SlimPajama (Soboleva, Al-Khateeb, Myers et al., Cerebras Systems blog, June 2023, https://www.cerebras.net/blog/slimpajama-a-627b-token-cleaned-and-deduplicated-version-of-redpajama) is a 627-billion-token cleaned and deduplicated version of RedPajama-1T, released by Cerebras Systems as a more compute-efficient pre-training substrate.
Construction
SlimPajama applies two transformations to RedPajama:
Document-level deduplication with MinHash + Locality-Sensitive Hashing at Jaccard threshold 0.8, removing 49.6% of RedPajama's tokens. The largest reductions are in Common Crawl (-63%), GitHub (-46%) and Books (-32%), sub-corpora where RedPajama had retained substantial cross-snapshot and fork duplicates.
Quality filtering with the same Gopher-style heuristics used by FineWeb (line-length, symbol ratios, repetition, terminal-punctuation), removing an additional small fraction of clearly malformed pages.
The result is a 627 B-token corpus retaining the same seven-source mixture proportions as RedPajama but at roughly half the size and substantially higher per-token quality.
Sub-corpus distribution
- Common Crawl, 330 B tokens (52.7%).
- C4, 137 B tokens (21.9%).
- GitHub, 32 B tokens (5.1%).
- Books, 17 B tokens (2.7%).
- arXiv, 15 B tokens (2.4%).
- Wikipedia, 19 B tokens (3.0%).
- Stack Exchange, 17 B tokens (2.7%).
Licensing
Released on Hugging Face under the same licence stack as RedPajama: MIT for processing code, with underlying source-text licences from Common Crawl, GitHub, arXiv, Wikipedia and the Books3 / PG-19 mixture (Books3 portion subsequently withdrawn).

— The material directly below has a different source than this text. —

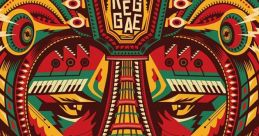 Reggae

Models trained on SlimPajama
BTLM-3B-8K (Cerebras's 3 B-parameter long-context base model), TinyLlama-1.1B, TinyLlama-1.1B-Chat, several MosaicML MPT ablation runs, and a long tail of academic models in the 1-7 B parameter range. SlimPajama is the standard corpus for academic-scale reproducible pre-training experiments because its size fits 8x A100 / 4x H100 budgets without the data engineering burden of full RedPajama or FineWeb.
Significance
SlimPajama demonstrated empirically that deduplication accounts for the majority of effective-quality gains in late-2023 pre-training corpora, a finding that shaped the deduplication-heavy pipeline of DCLM, FineWeb and OLMo-2's Dolmino. Its compact size and clear provenance make it the canonical mid-scale open pre-training corpus for academic work.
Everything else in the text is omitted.